--- Work instruction ---
Your answer must be the exact lines below, starting with the line with "Angel Eyes koplampen" and going on through the line with "Stivaletti Con Tacco", both included, with no pictures.

--- Data to examine ---
■ ■ ■ ■
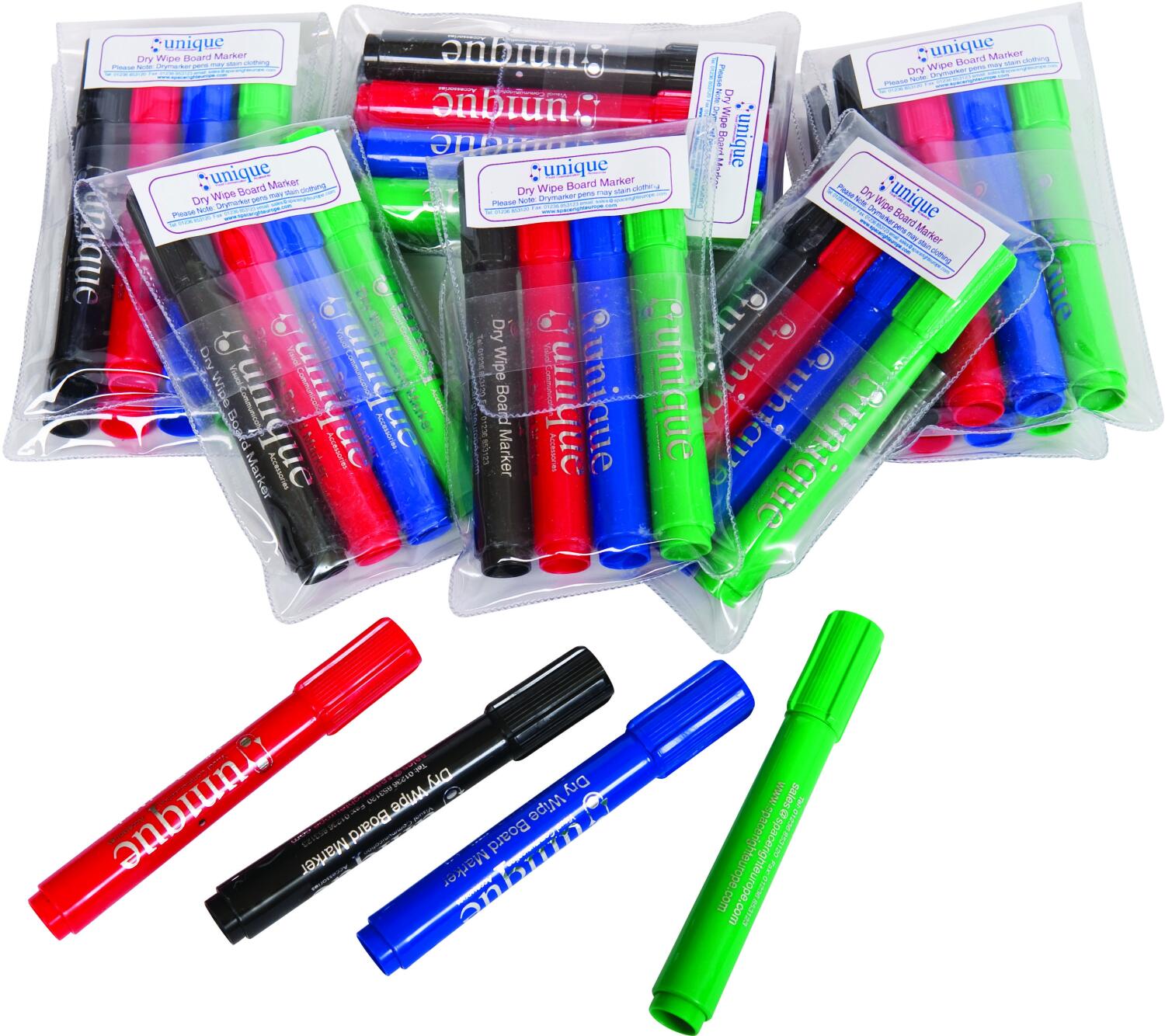 Spaceright Assorted Dry Wipe Marker Pens Office Furniture Direct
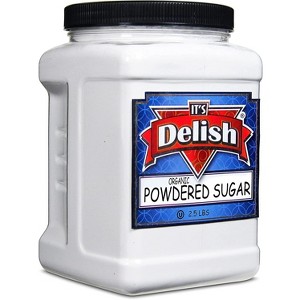 Powdered Sugar by It's Delish, 2.5 Lbs (40 Oz) Jumbo Container - 1 of 4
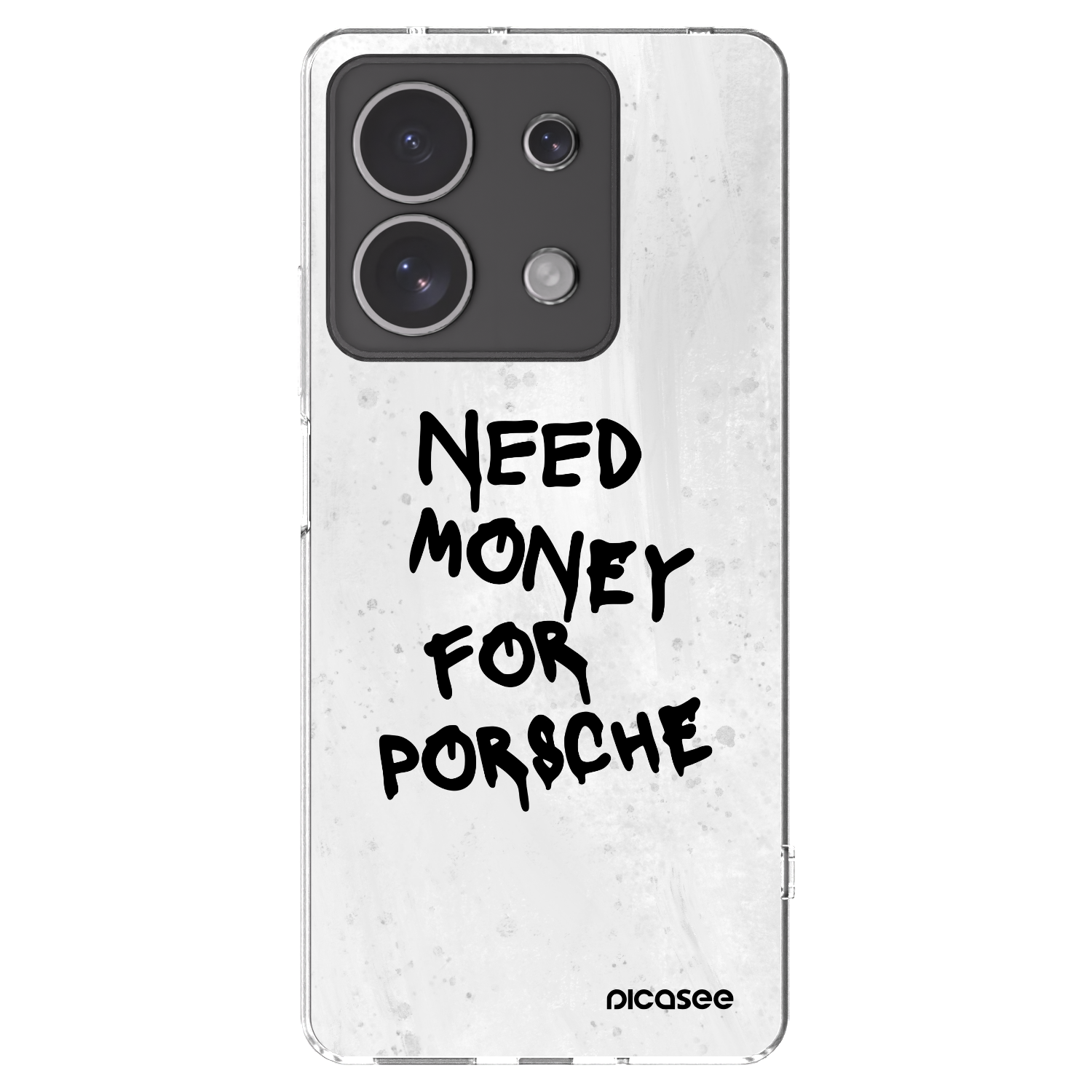 Picasee husă transparentă din silicon pentru Xiaomi Redmi Note 13 4G - White Dollar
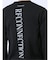 ロゴ切替 クルーネック長袖Tシャツ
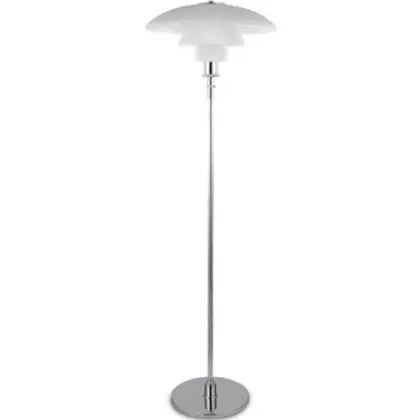 Buy PL 4/3 Floor Lamp - Steel and Glass Steel 15228 with a guarantee 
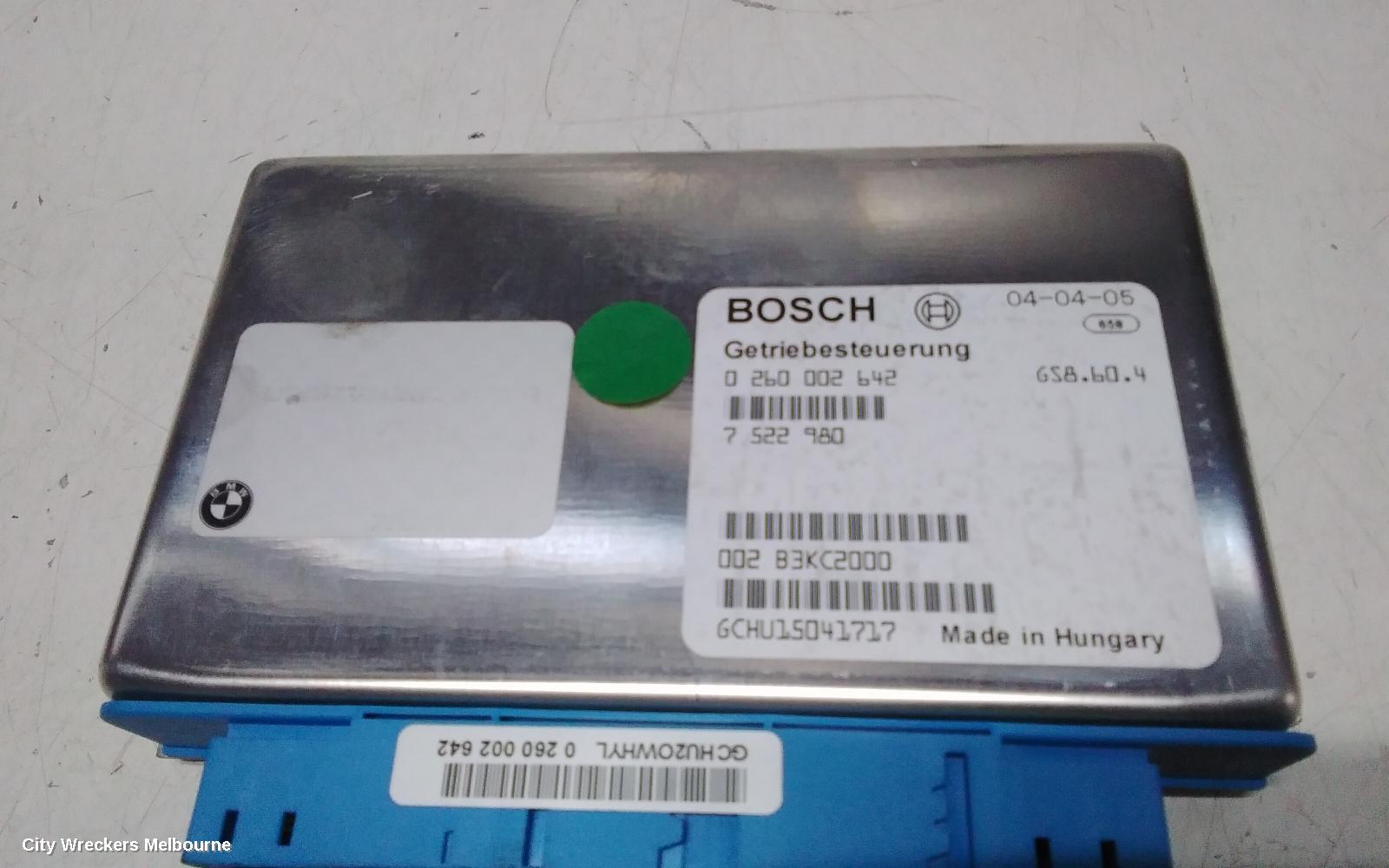 BMW 3 SERIES ECU, TRANSMISSION ECU, E46, P/N 7522980, 09/1998 - 07/2006 - Image 2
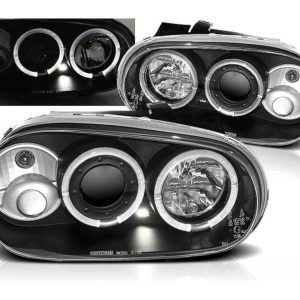 Angel Eyes koplampen Black geschikt voor VW Golf 4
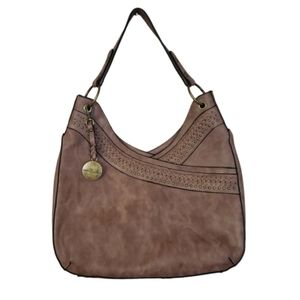 Womens SIMPLY NOELLE Large Oversized Faux Leather Crossbody Purse Shoulder Bag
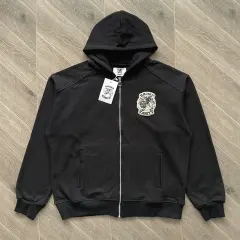 Saint Vanity Embroidered Zip-Up Hoodie and Shorts Set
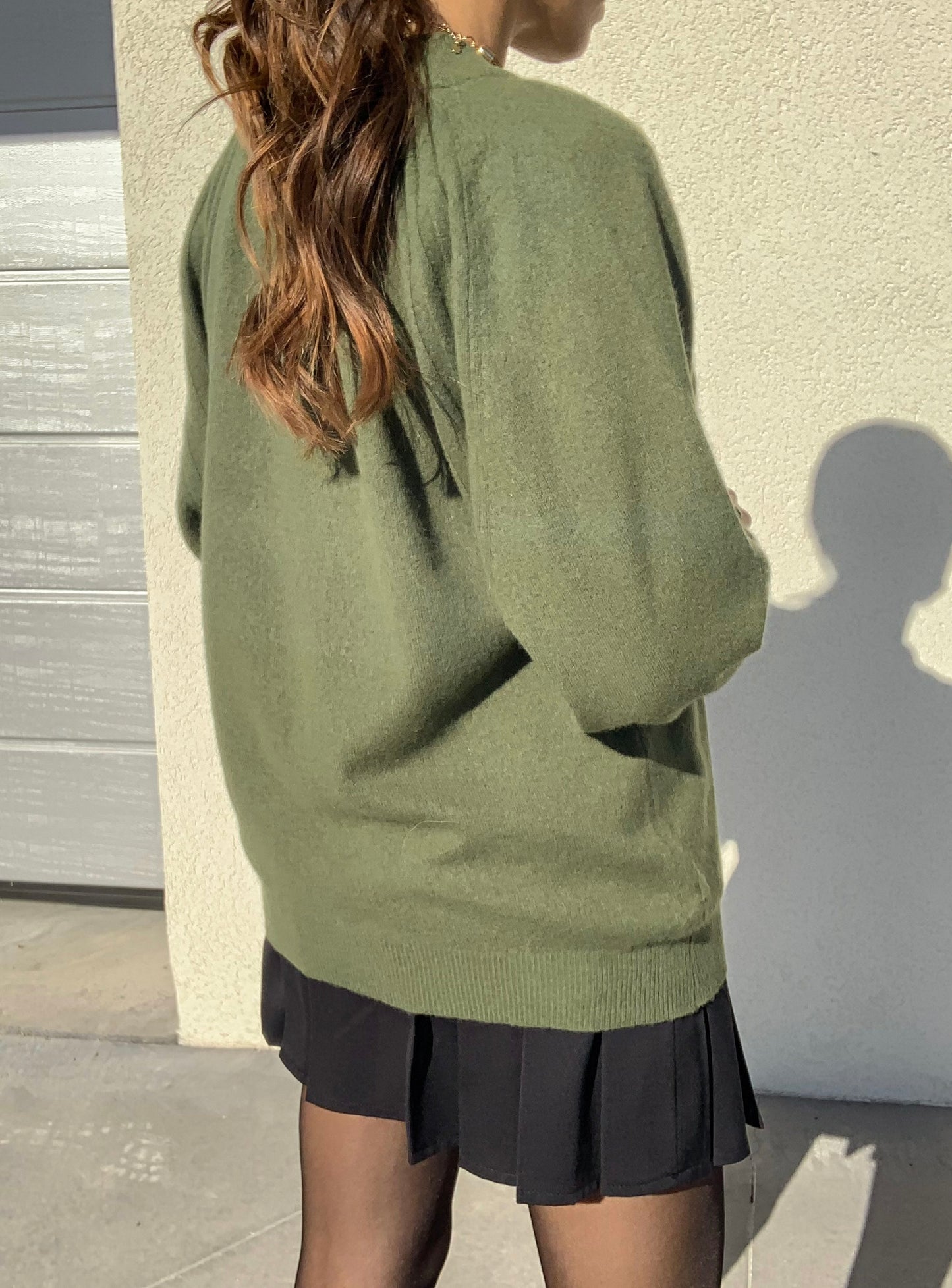 Vintage angora and wool cozy jumper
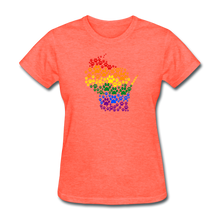 Load image into Gallery viewer, Pride Paws Classic T-Shirt - heather coral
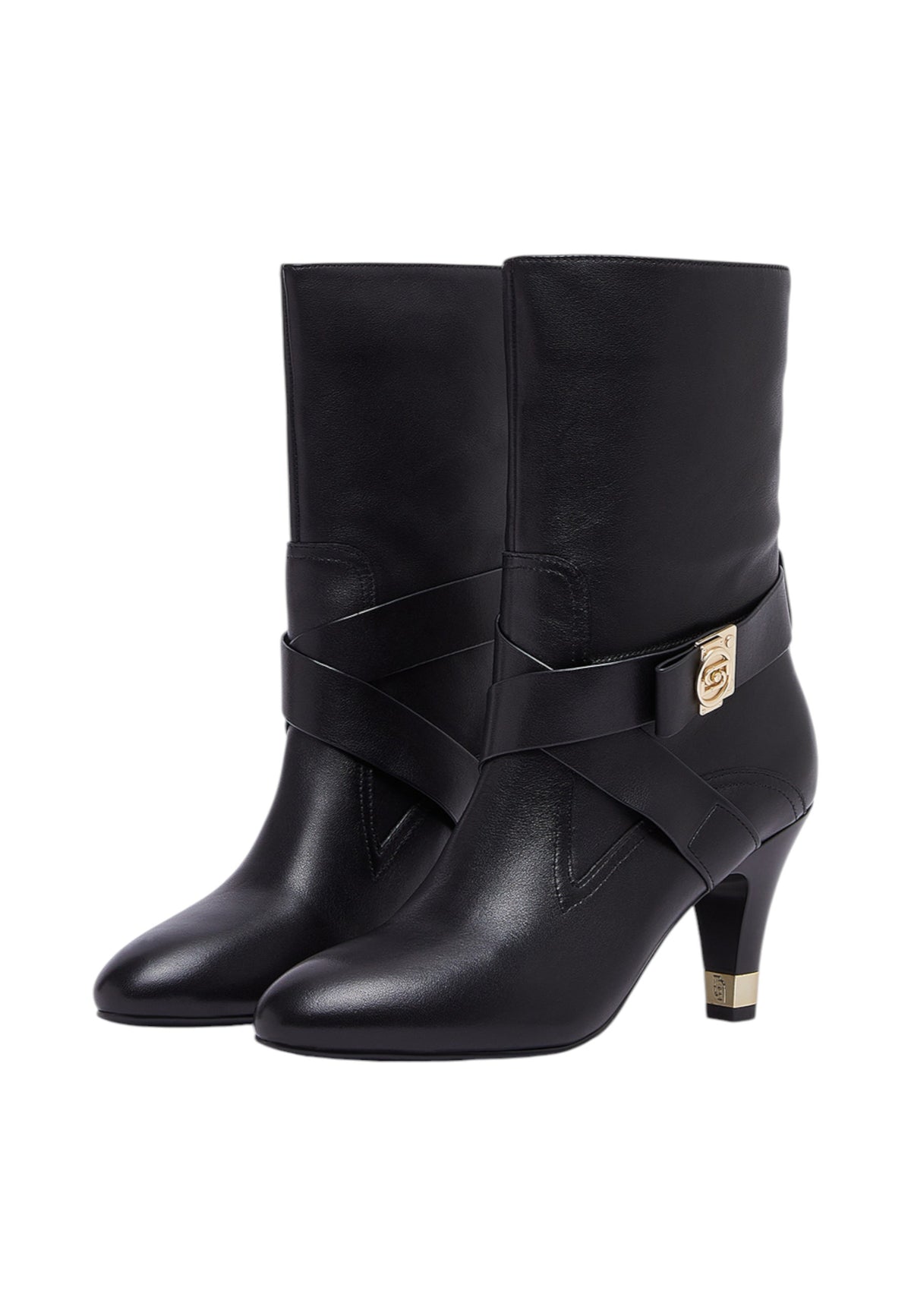 Stivaletti Con Tacco Donna Liu Jo In Pelle E Cinturino Gioiello Blake 02 SF6025PX885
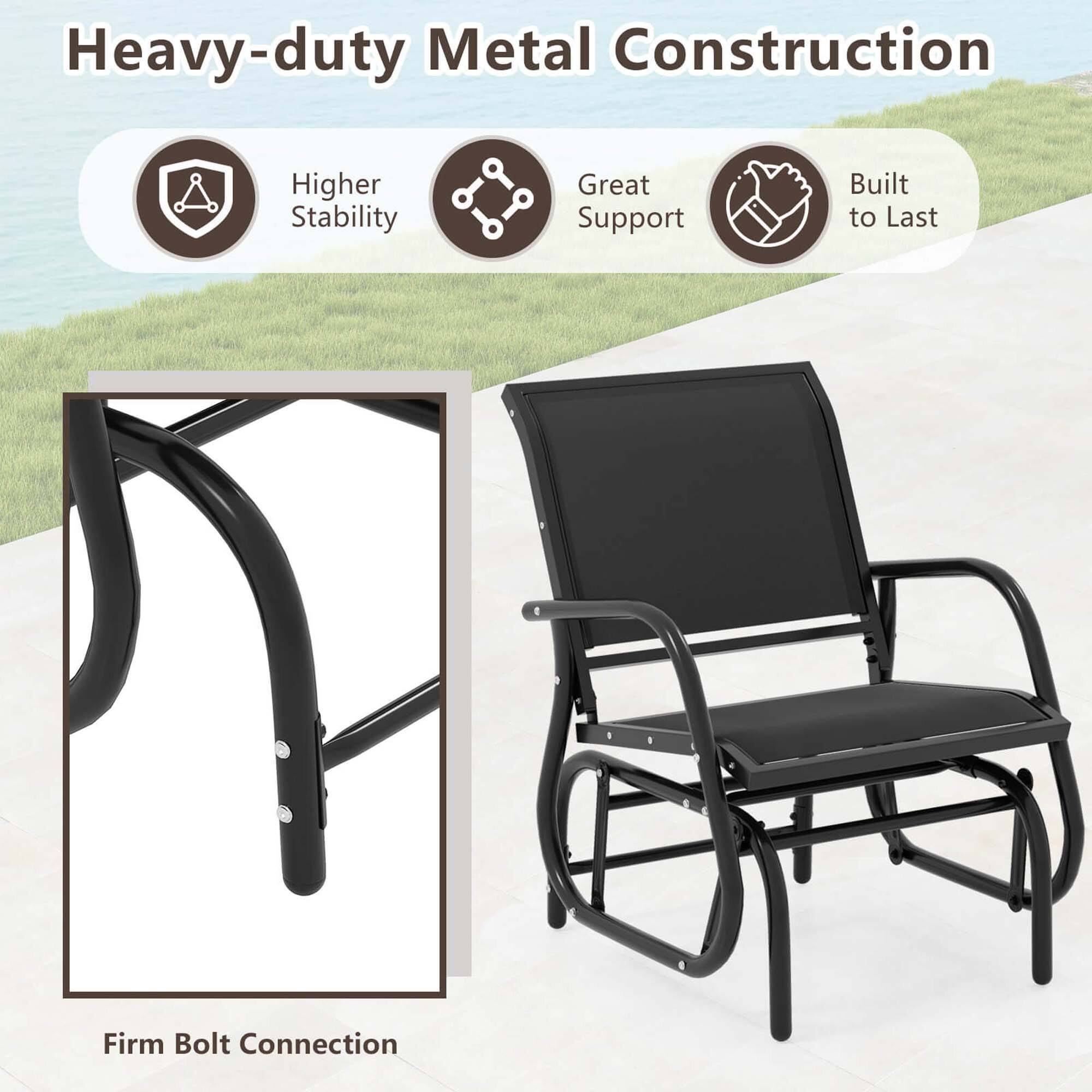 Heavy-duty Metal Construction, Higher Stability, Great Support, Built to Last, Firm Bolt Connection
■ ■ ■ ■
--- Response ---
 Angel Eyes koplampen Black geschikt voor VW Golf 4
 Womens SIMPLY NOELLE Large Oversized Faux Leather Crossbody Purse Shoulder Bag
 Saint Vanity Embroidered Zip-Up Hoodie and Shorts Set
 Vintage angora and wool cozy jumper
 Load image into Gallery viewer, Pride Paws Classic T-Shirt - heather coral
 Stivaletti Con Tacco Donna Liu Jo In Pelle E Cinturino Gioiello Blake 02 SF6025PX885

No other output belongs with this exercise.